Abstract-In numerous memory and communication systems, Bose-Chaudhuri-Hocquenghem (BCH) codes are widely employed to enhance reliability. A one-pass Chase soft-decision decoding algorithm for BCH codes was previously proposed to achieve significant performance improvement over traditional hard-decision decoding while not increasing too much computational complexity. The bottleneck in conventional one-pass Chase decoding is the procedure of judging whether an obtained error locator polynomial is valid. In this brief, a novel algorithm that can efficiently verify eligibility of each generated error locator polynomial is proposed. The problem is first reformulated as a polynomial modulo problem, where repeated squaring can be employed for further simplification. In order to decrease the critical path delay and hardware complexity, an efficient polynomial division algorithm based on polynomial inversion is also proposed. In addition, a VLSI architecture for the proposed algorithm is presented. The implemented results show that the proposed eligibility checking algorithm reduces the gate counts to only 12% of a conventional polynomial selection algorithm without introducing any speed penalty. The projected area reduction achieved in a complete one-pass Chase decoder is approximately 75%. In addition, post-layout simulation shows that the proposed algorithm is 20 times more power efficient than the conventional method.
I. INTRODUCTION

B
OSE-CHAUDHURI-HOCQUENGHEM (BCH) codes are one of the most popular error correction codes (ECCs) employed in numerous memory and communication systems due to their relatively simple decoding complexity and outstanding error correction capability. Conventional BCH codes can correct up to t = d min /2 errors, where d min stands for the minimum code distance. The hard-decision decoding (HDD) procedure for BCH codes is well developed. Berlekamp's algorithm is usually employed to find error locator polynomials, and the Chien search is then utilized to locate each error. To better utilize soft information or confidence of each bit before decoding, Chase proposed a soft-decision decoding (SDD) algorithm that first flips η least reliable bits before conventional HDD [1] . By utilizing soft information, Chase II algorithm can correct up to t + η errors.
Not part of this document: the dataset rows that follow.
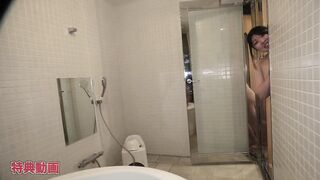 FC2PPV 4715119 【無修正】＜むちむち巨乳♡＞巨乳でえっちな＊が入浴潜望鏡フェラチオ責め～口いっぱいに頬張ってむしゃぶりつく姿は破壊力抜群 jav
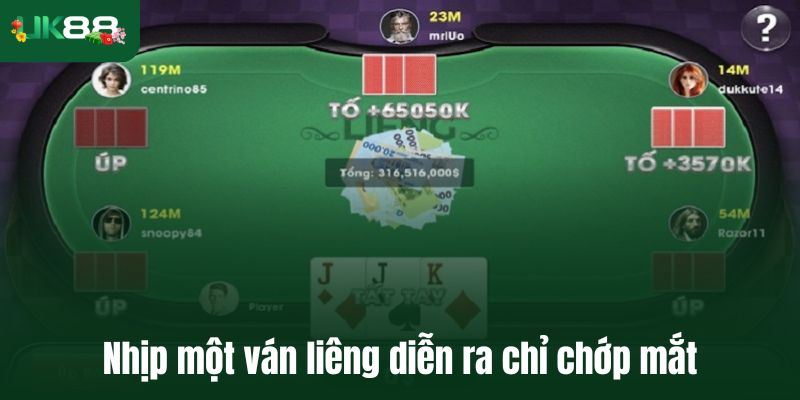 Nhịp một ván liêng diễn ra chỉ chớp mắt là đến lúc quyết định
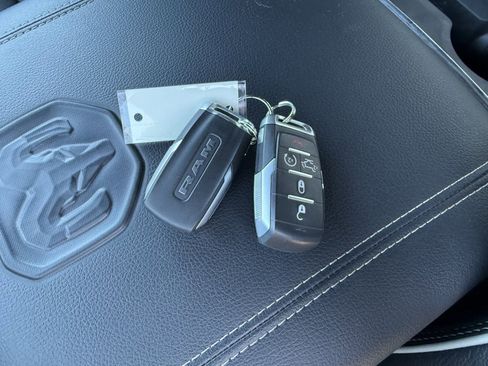 Used 2024 RAM 1500 Laramie image 34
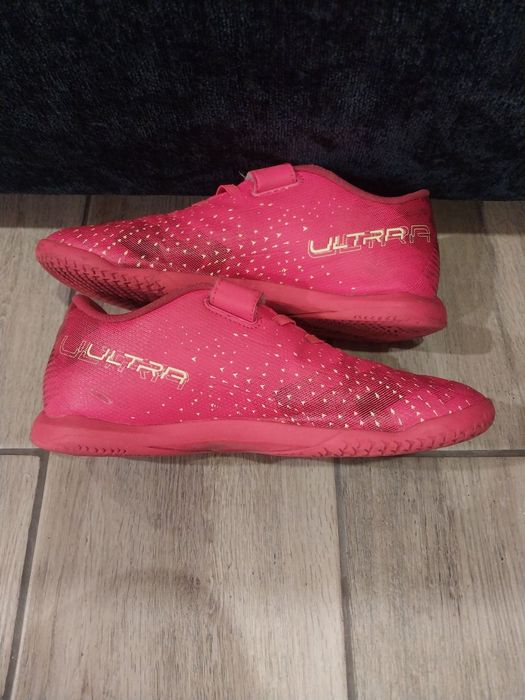 Футзалки Puma Ultra Play IT V 37.5р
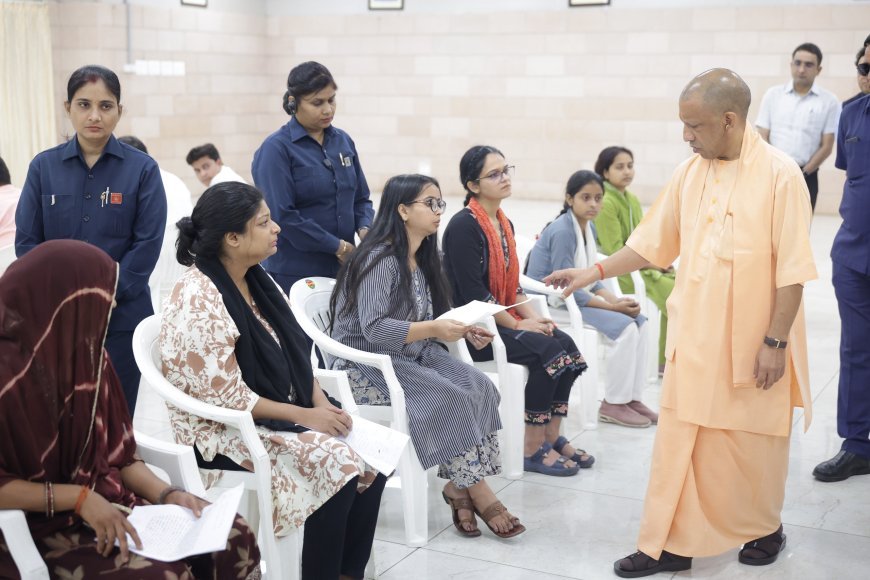 सीएम योगी का जनता दर्शन: मथुरा के बुजुर्ग की शिकायत पर सीधे डीएम को फोन, बोले- खुद मौके पर जाकर हटाएं अतिक्रमण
The most straightforward and the widely adopted way to implement Chase decoding in hardware is to use existing BCH HDD circuit iteratively with a control circuitry that generates different testing patterns [2] , [3] . This way, however, becomes prohibitively expensive when η is large since the computational time grows exponentially with η. To circumvent this, a one-pass Chase decoding algorithm was proposed in [4] . The original work is aimed for Reed-Solomon (RS) codes, but it can be easily adapted for BCH codes. Berlekamp's algorithm only needs to be applied once to obtain one starting error locator polynomial. Other error locator polynomials corresponding to different error patterns can be then easily derived from the starting polynomial by using the polynomial update algorithm outlined in [4] . This is a significant result since the algorithm turns the exponentially scaled Chase decoding algorithm into a linearly scaled algorithm, making soft-decision Chase decoding more attractive.
To implement the one-pass Chase decoding algorithm, hardware architecture was discussed in [5] . Zeros in the error locator polynomial corresponding to the flipped bits were taken out to maintain the order of the polynomial, reducing computational efforts. In that work, it was stated that most area and power consumption were spent on the highly parallel Chien search that runs as fast as the polynomial update block. An interpolationbased Chase decoding algorithm was developed in [6] to avoid the expensive parallel Chien search. A 2.3 times higher efficiency was reported in that work.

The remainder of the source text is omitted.